Tuesday, August 5, 2008
#586 Bob Forsch
Why this card is awesome: Because of the alarmingly teeny-tiny strikeout rate--just 1039 K's in 2550.1 innings. Wow. Amazing Forsch made it that many years in the first place.
Cool stat: Forsch was actually not that great of a pitcher despite sticking around for a long time. He had more seasons with a below-average ERA than above-average ERA and finished with a career ERA+ of 98. Not terrible, but not what you'd expect for a guy who played so many years. What saved Forsch's reputation was his W-L% of .553, as well as the no-hitter he threw. Looking since 1901 at pitchers with at least 2000 career IP and an ERA+ of 100 or less (meaning league average or worse,) Forsch makes the top 10 for W-L%. There are some good pitchers on this list, but mostly it's populated by guys who played on good teams but weren't fantastic pitchers: Dave Stewart (helped tremendously by being on the Athletics at their peak 1988-1990), Scott McGregor, John Burkett, and Bill Gullickson are all good examples.
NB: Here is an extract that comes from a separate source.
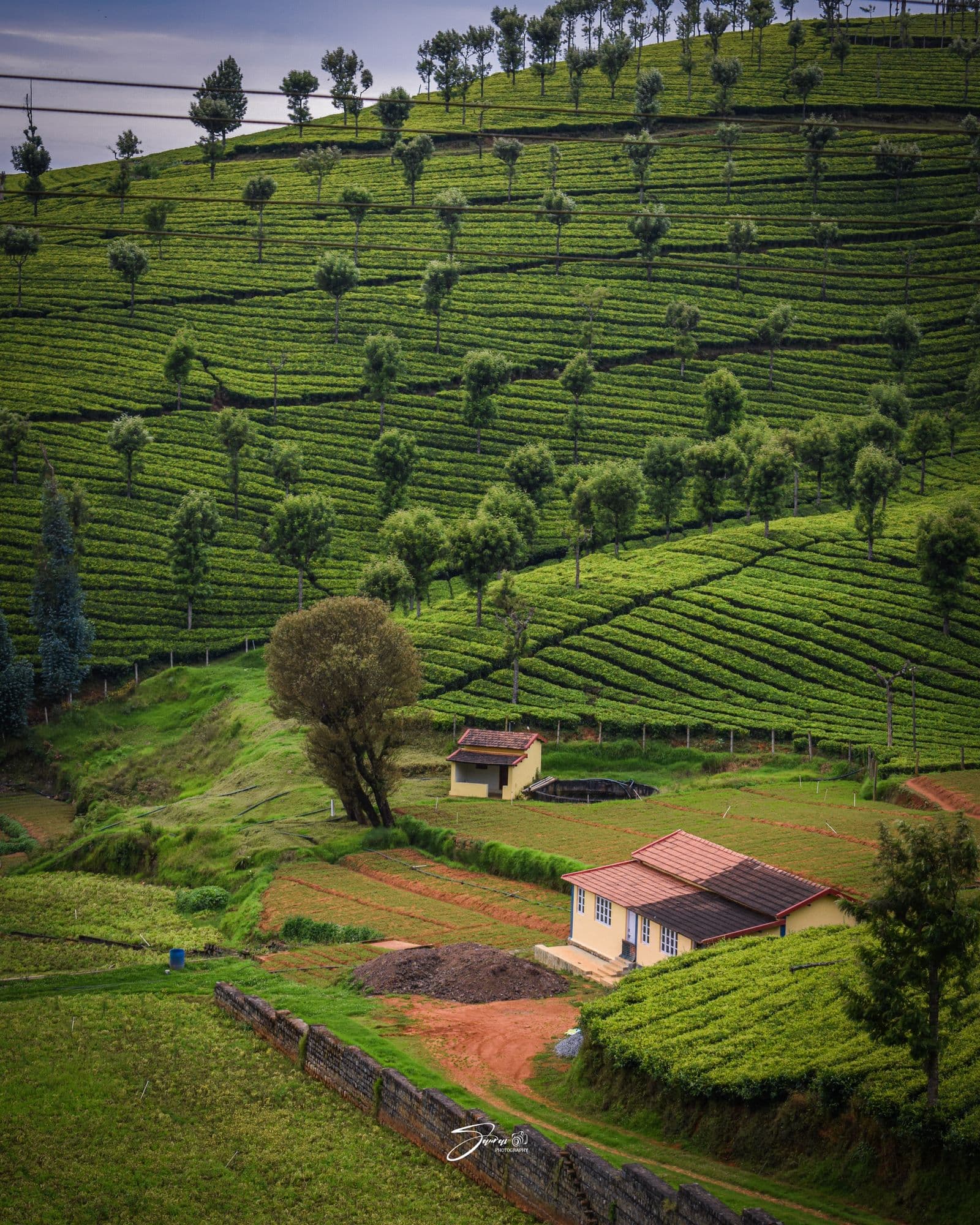 High angle view of a farmhouse surrounded by terraced green fields in the hills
The most telling stat? His actual W-L record was 168-136 (.553) but his neutralized record was 151-157 (.490), which sounds about right for a guy with a 98 ERA+. Also his 1977 record of 20-7 neutralizes to 13-11--whoa!
Ironically, Bob's brother Ken Forsch had basically the opposite career. He finished 114-113 (.502) but with an ERA+ of 106, a little above average. His neutralized record is 126-106 (.543.)